For Marc Bregmans
excellent foray into the visualization of midrash to work, we are going to
have to follow the advice of Edward Kessler when he writes, "although
artistic interpretation is bound to the biblical text, it has developed its
own rules of interpretation." At the same time, we need to consider quite
skeptically any and all claims regarding the absolute difference said to distinguish
visual from textual media. As a scholar of midrash, Marc pays close examination
to the word play that informs the text. In doing so, he notes not so much
the prevalence of visual experience per se, but rather to ideas about visual
experience. "What did he see? "Do you see what I see," "Since
you do not see." In particular, Bregman notes how spiritual vision goes
beyond optical vision in the midrashic account of the Aqedah. Abraham and
Isaac see Gods presence, his servants only deserts. Marcs splendid
analysis brings midrash into conversation, not just with visual art per se,
but with the modern arts of surrealism and cinema --even as the rhetoric that
attends this short essay works to privilege midrash over art.
I would have wished
that Marc had done more to question the sharp distinction between plastic
art and verbal text. With his own eye towards Christian sarcophagai and church
decoration, he adapts a misleading dichotomy to the comparative study of Jewish
narrative art and Christian graphic art. According to this schema, the mental/textual
image proves highly "imaginative" in contrast to the graphic image
that remains only "naturalistic." In this view, "the graphic
artist portrays the scene to the eye." (4) By this, I think Marc means
the physical eye. In contrast, midrash "portrays the scene to and through
the imaginative faculty of the minds eye." In setting
up this opposition, Marc either ignores or overlooks an emerging scholarly
consensus regarding the relationship between graphic and verbal images. For
instance, the most "naturalistic" and apparently "unmediated"

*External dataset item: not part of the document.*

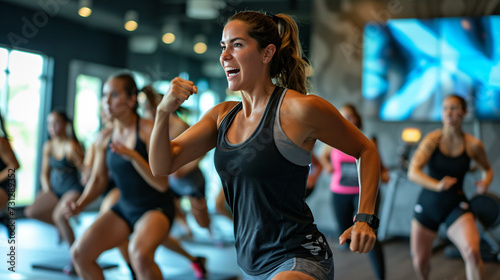 Energetic fitness instructor inspiring a dynamic workout class packed with enthusiasm and sweat-inducing moves.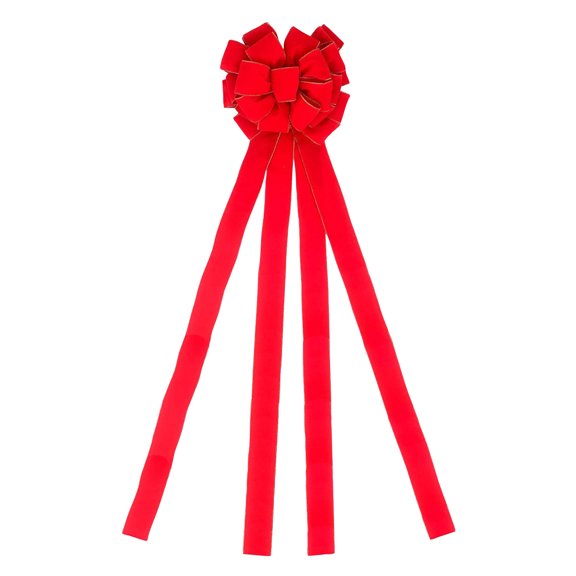 X-Large Christmas Tree Topper Bow, 13 Inch Wide Red Velvet Bow with 53 Inch Long Streamers, Holiday Tree Decor for Home Party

and "self-interpreting" graphic image depends upon a host of conventions
that mediate meanings not always confined to the world of visible nature.
Note the almost complete lack of perspectival depth in the sarcophagai and
cathedral images discussed in Marcs essay, the size of the lamb looms
large (fig1), the dwarfed tree next to Abraham and Isaac (fig2), the schematic
arrangement of the figures in a line. As such, it does not seem right to say
that midrash reflects the minds eye and Christian graphic art the physical
eye.
Indeed, the claim
that the Aqedah image taken from Regensburg Pentateuch is "about as close
as graphic art can come to portraying seeing with the mind"
does not jibe with Marcs own recourse to surrealism as a way to characterize
the midrashic text. Why draw on the visual arts to interpret a midrashic text
if they remain so limited? And will this not require great care when it comes
to the use of adapting modern art styles to pre-modern texts? We dont
see in the midrashic account discussed by Marc the interest in dreams, the
unconscious, and sex that might have justified the term "surrealism."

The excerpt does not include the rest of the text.